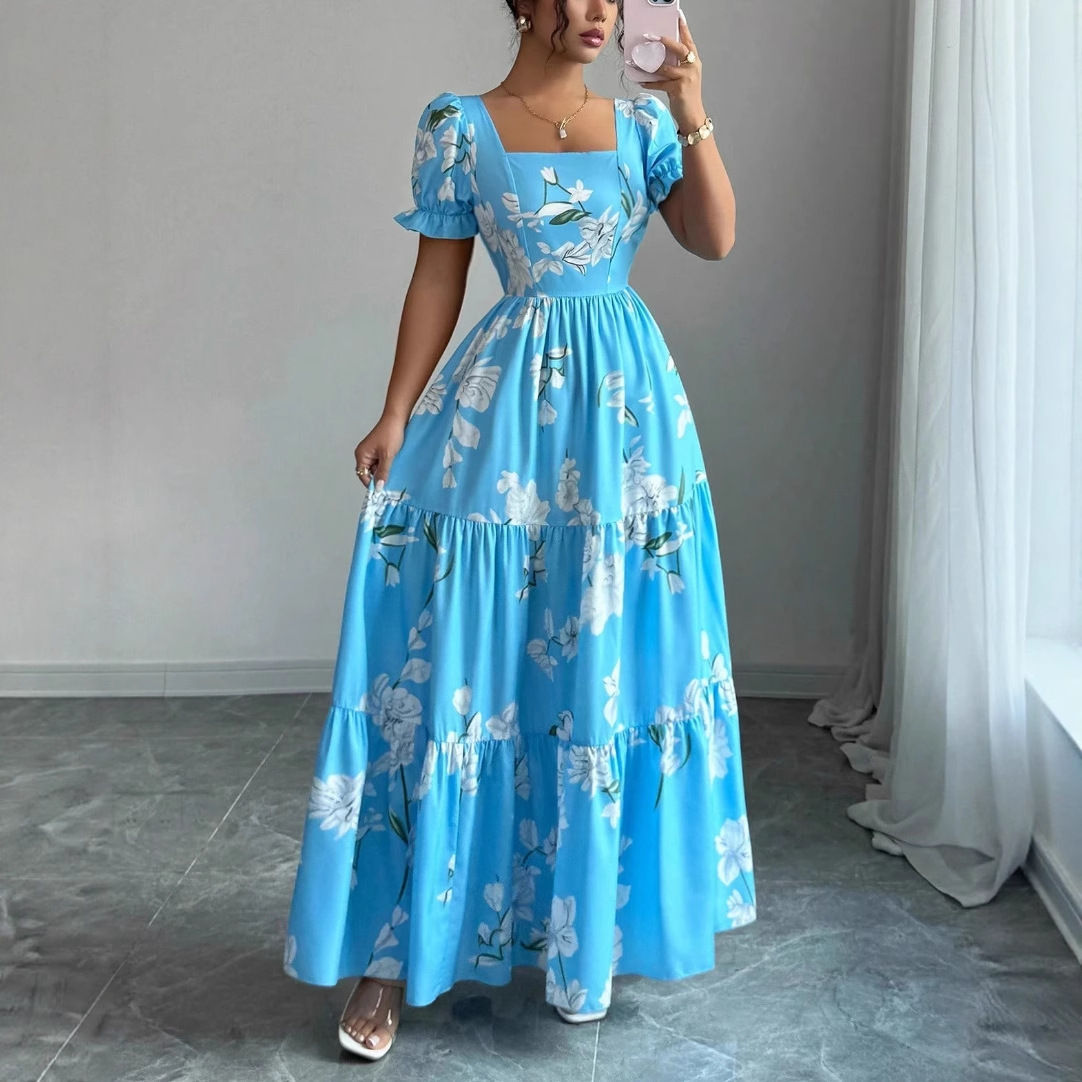 Vaelithra Ocean Petals Dress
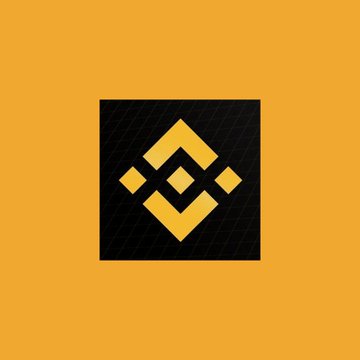 The Binance logo displayed in its signature yellow and black color scheme, representing the Binance Wallet featured in the announcement about its new feature allowing users to pay network fees in USDT across BNB Chain, Ethereum, Solana, and Tron.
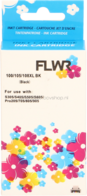 FLWR Lexmark 100XL zwart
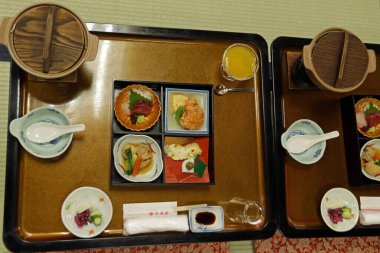 Geleneksel Japon yemeği, Kyoto, Japonya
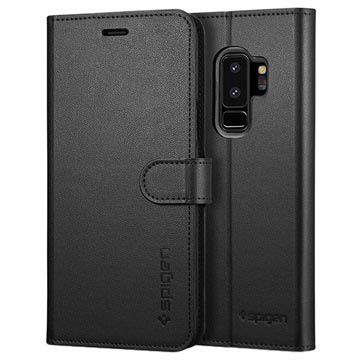 Samsung Galaxy S9 Spigen S Wallet Case Zwart huismerk kopen in de aanbieding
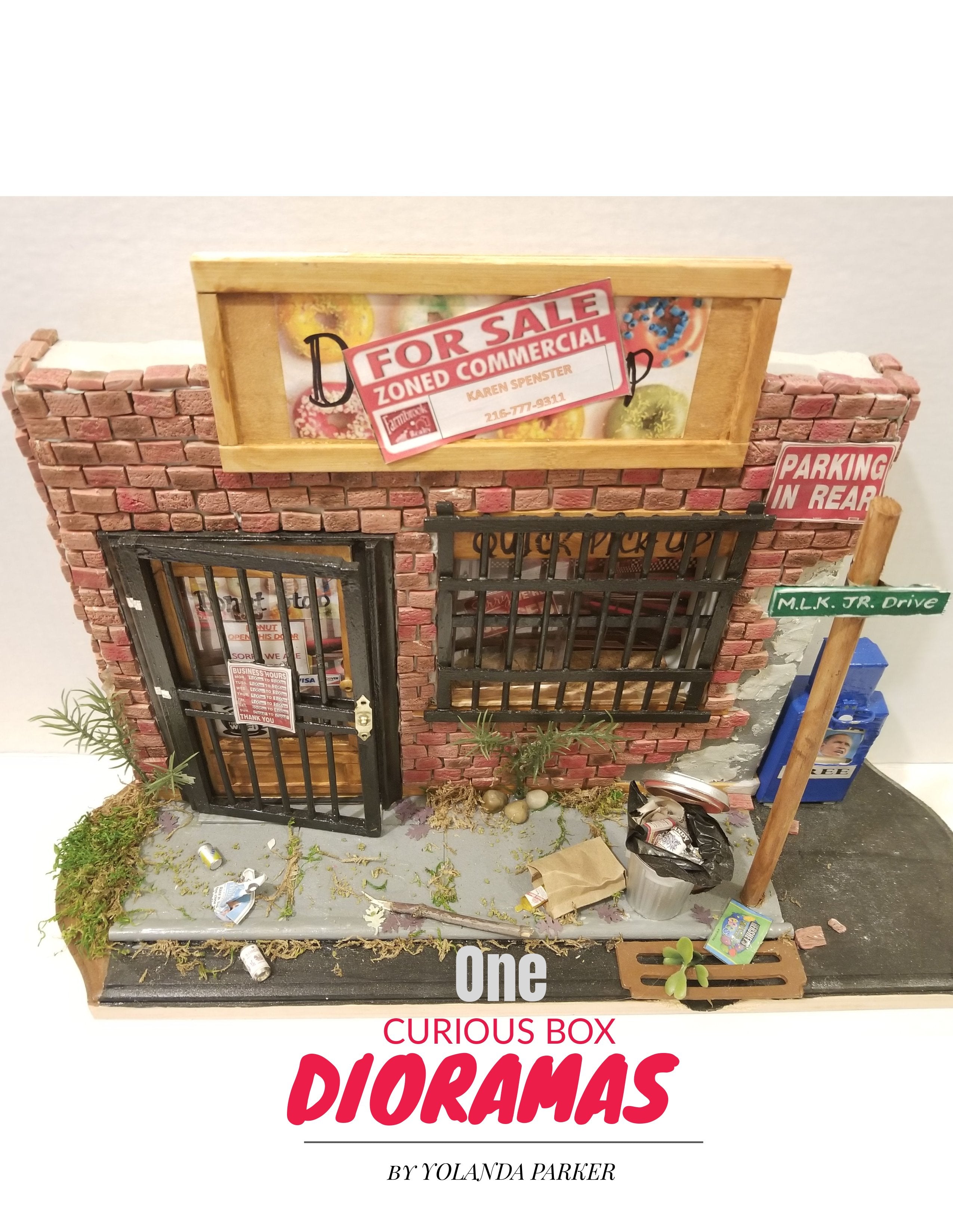 diorama box for a friend who likes to climb - slightly nsfw : r/dioramas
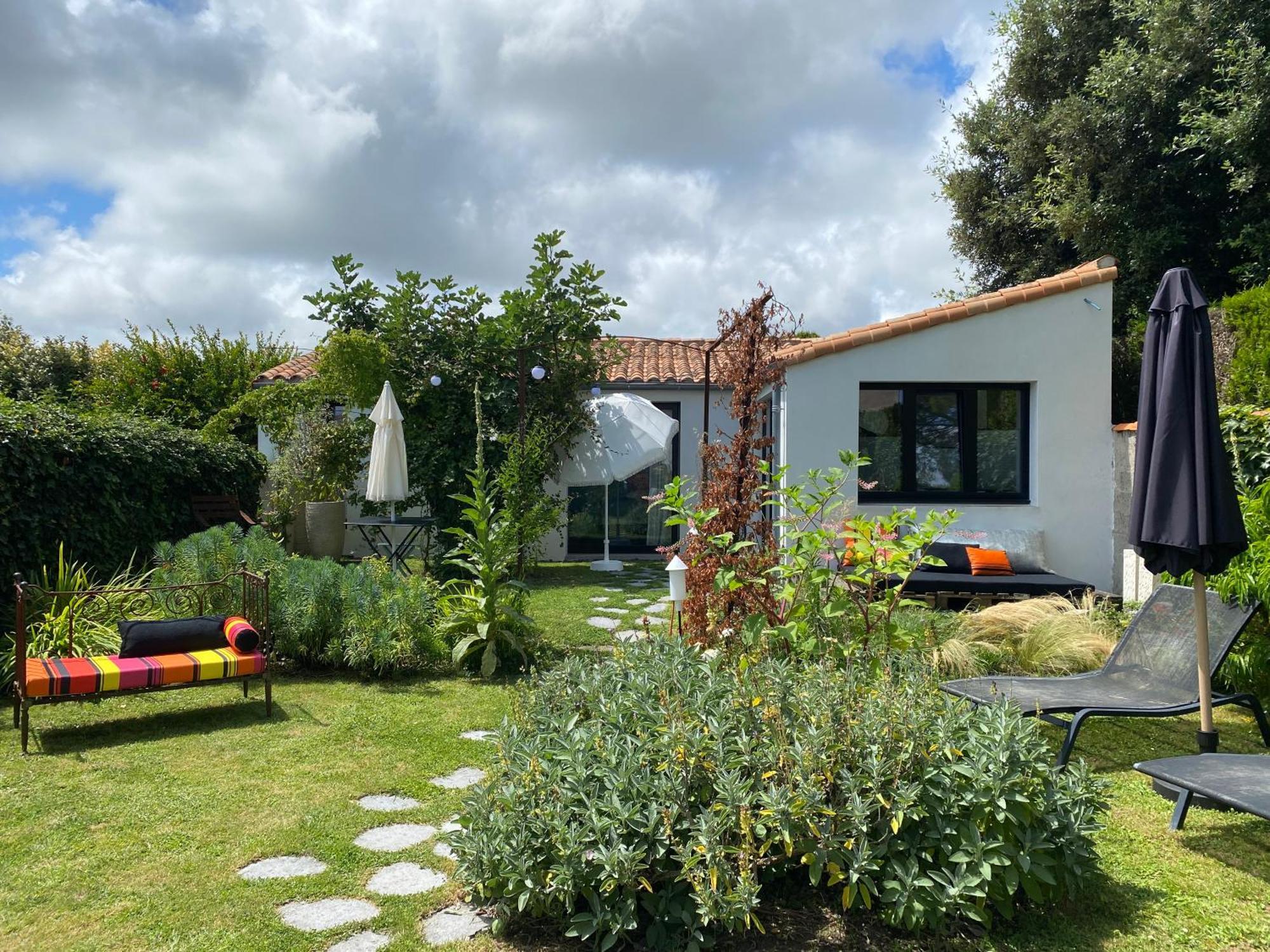 Bed and Breakfast Le 5 Bis Mornac-sur-Seudre Exterior foto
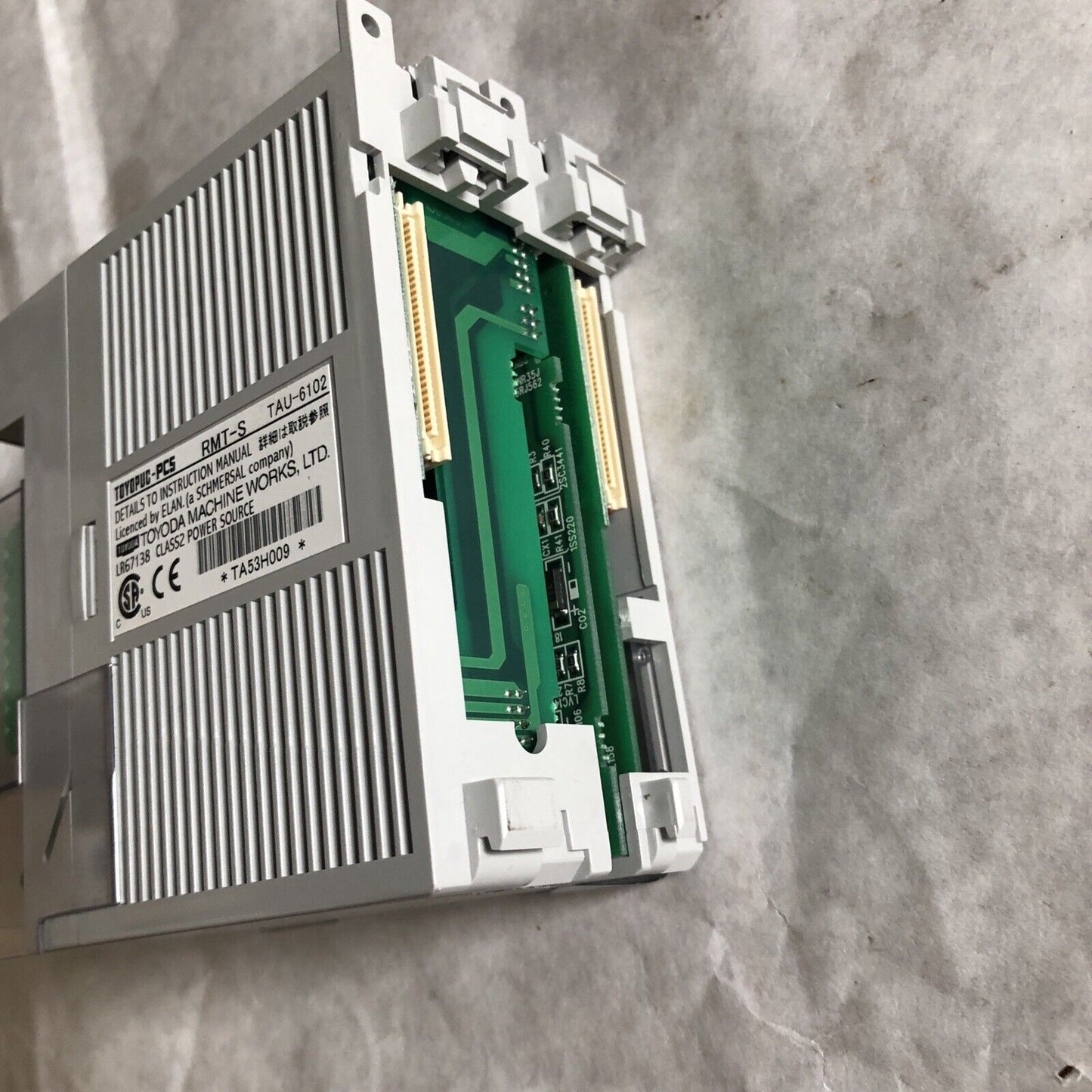 New Toyopuc  Rmt-S Tau-6102 Toyopuc-Pcs 2.02-1 H.12 Plc Remote Slave,Bd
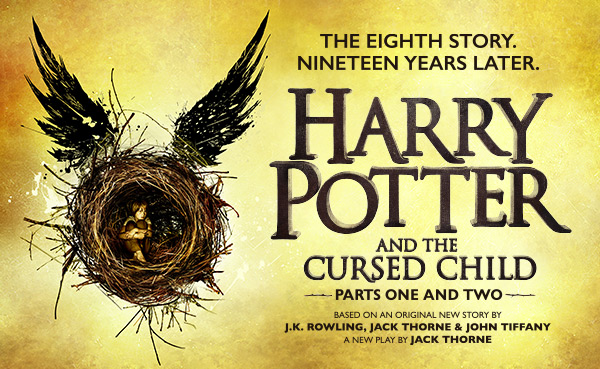 Harry Potter and The Cursed Child - Part 1 & 2 (1/23 7:30PM & 1/24 7:30PM) at Lyric Theatre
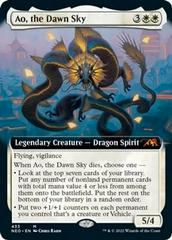 Ao, the Dawn Sky [Extended Art] Magic Kamigawa: Neon Dynasty Prices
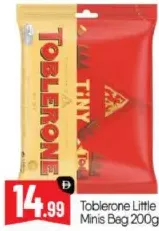 Toblerone Little Minis Bag
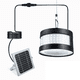 thumbnail image 1 of Lámpara Solar Focos Colgante De Exterior Blanco, 1 of 5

■ ■ ■ ■ ■ ■ ■

WORK INSTRUCTION
Retype the material in full, exactly as written, and exclude the pictures.

TASK RESULT
 Vaelithra Ocean Petals Dress
 The Binance logo displayed in its signature yellow and black color scheme, representing the Binance Wallet featured in the announcement about its new feature allowing users to pay network fees in USDT across BNB Chain, Ethereum, Solana, and Tron.
 FLWR Lexmark 100XL zwart
 Geleneksel Japon yemeği, Kyoto, Japonya
 Samsung Galaxy S9 Spigen S Wallet Case Zwart huismerk kopen in de aanbieding
 diorama box for a friend who likes to climb - slightly nsfw : r/dioramas
 Bed and Breakfast Le 5 Bis Mornac-sur-Seudre Exterior foto
 New Toyopuc  Rmt-S Tau-6102 Toyopuc-Pcs 2.02-1 H.12 Plc Remote Slave,Bd
 Harry Potter and The Cursed Child - Part 1 & 2 (1/23 7:30PM & 1/24 7:30PM) at Lyric Theatre
 Ao, the Dawn Sky [Extended Art] Magic Kamigawa: Neon Dynasty Prices
 Toblerone Little Minis Bag
 thumbnail image 1 of Lámpara Solar Focos Colgante De Exterior Blanco, 1 of 5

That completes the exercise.